Community Contributor | Jul 3, 2018 | 0
The paradox of so much hunger side by side to so much opulence
Inequality and redistribution are not popular topics. In its basest form, redistribution hints at taking away from those that have and let those that do not have, enjoy a marginally better life. Sounds all too familiar, and for most westerners, too communist.
When Marx wrote his famous treatise dissecting the implications for capitalism of labour’s surplus value, the world was a different place. In 1867 capitalism had propelled Britain and the United States to the top ranks of the world economic order, colonialism was at its zenith, and the sun never set on the empire. One hundred and forty years later, economic reality has struck an over-extended world, countries are fighting for their economic survival, and millions of people around the globe are facing an uncertain future.
This used to be the preserve of Africa. Over the past fifty years, since the African liberation started around 1960, debt, poverty, hunger and conflict, together with an unprecedented population growth, were the trademarks of the so-called Dark Continent. Getting rid of the shackles of colonialism was a long and arduous process during which our greatest achievement was to emulate the masters – grab what you can, make sure your kin and other elite groups are well greased, forget the masses, and kill everyone that opposes your power base.
Redistribution was seen as a primitive expression of the newly liberated to make up for what they coveted but did not have, either the intellectual or institutional ability, at that time, to generate themselves. In short, redistribution was labelled as the quick fix. Rob those that have but do not distribute it to the poor, rather make sure its ends up in a Swiss bank account. Redistribution was a dirty word.
But that is no longer the case. Since 2008, I was at first confounded by the appearance of the concept “Redistribution” in many quasi-economic reports that focussed on social improvement. Then as it occurred with more regularity, I was forced to revisit my own preconceived ideas about redistribution. It seems that lately, redistribution is on the radar of many leading social as well as economic academics.
During the week I browsed through the UNDP’s Africa Human Development Report 2012. Although redistribution is not named directly, hunger does take up a considerable part of the content. “It is a harsh paradox that in a world of food surpluses, hunger and malnutrition remain pervasive on a continent with ample agricultural endowments,” the Director of UNDP’s Africa Bureau is quoted as saying. I could not agree more.

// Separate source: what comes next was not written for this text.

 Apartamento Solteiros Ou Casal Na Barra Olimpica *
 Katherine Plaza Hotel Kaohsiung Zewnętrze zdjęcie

It is reports like these, by reputable institutions, that compel me to take note of the concept of redistribution again. And as the impact of the global financial malaise spreads across societies, many more people will start taking redistribution seriously. Inequality as it manifests itself in poverty and hunger, cannot be ignored. What is the purpose of running in the rat race, trying to ensure a future for the next generation, when such a large portion of humanity, is simply left behind. Population pressure will not abate, it will only become more and more pronounced. With that, inequality will also not diminish until we get to that point where destitute societies simply revolt.

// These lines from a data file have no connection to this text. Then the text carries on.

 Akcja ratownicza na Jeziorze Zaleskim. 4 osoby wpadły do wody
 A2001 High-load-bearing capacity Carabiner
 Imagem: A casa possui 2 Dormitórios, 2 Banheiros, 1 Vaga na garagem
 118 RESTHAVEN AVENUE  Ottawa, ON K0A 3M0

As a rational realist, I know we cannot eradicate poverty with one clever sweep. In fact, I am more than irritated by politicians who use this as an excuse to hide their own incompetence. But in a world where there is so much opulence, it would be irresponsible of me not to take redistribution serious. Not only as a matter of policy, but also as a discipline for serious intellectual investigation.
Am I preaching neo-communism in a camouflaged form? I certainly hope not. I am fundamentally opposed to communism as it does not make any logical sense to deprive ingenuity of its rewards. But it is just as logical a conclusion that if we do not re-introduce the notion of redistribution ourselves, the poor will do it for us. And that will not only happen in Africa, it is going to happen everywhere.

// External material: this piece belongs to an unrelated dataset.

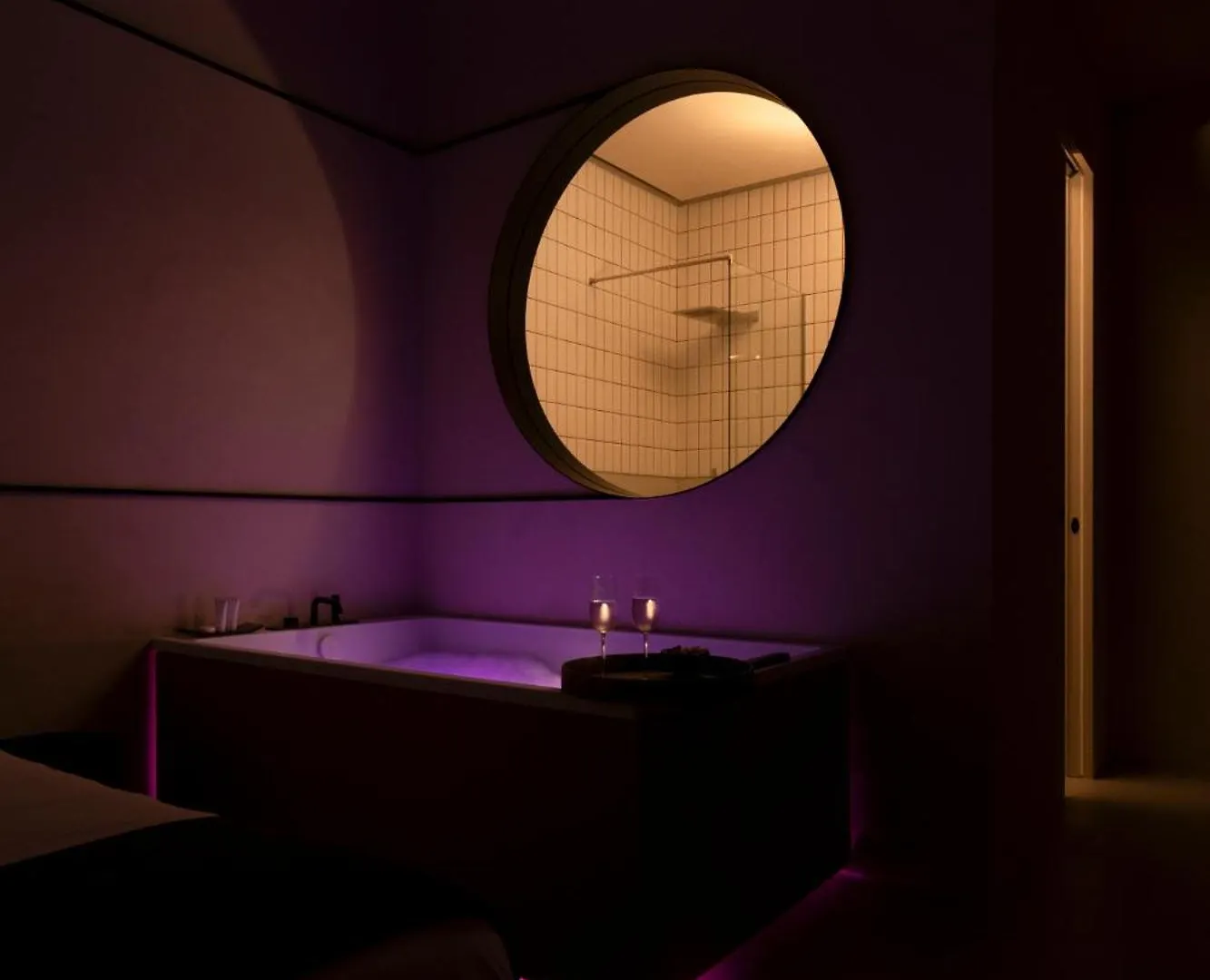 Demetra Luxury Suites Naples Guest house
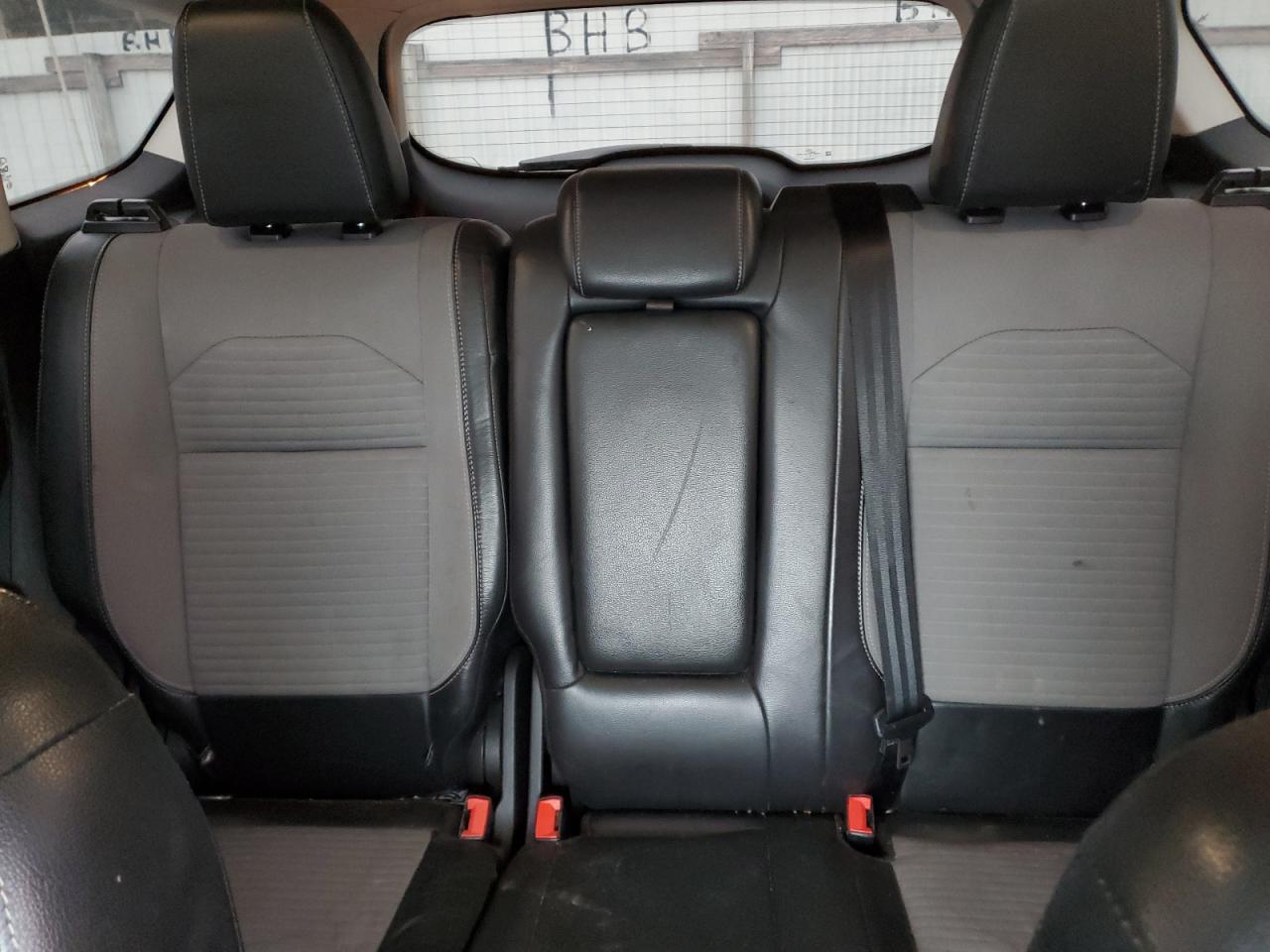 2017 Ford Escape - Image 10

The complexities of the new world order that we are now entering, demand a paradigm shift away from the conventional, dare I say, “colonial” world view. Hunger and more specifically, a hunger child is an affront. From a humane perspective, complacency by those that are well-fed, is one of the greater dangers we face in the not too distant future. It is no use citing impressive per capita figures, when inequality is so pervasive and many children go to sleep on an empty stomach.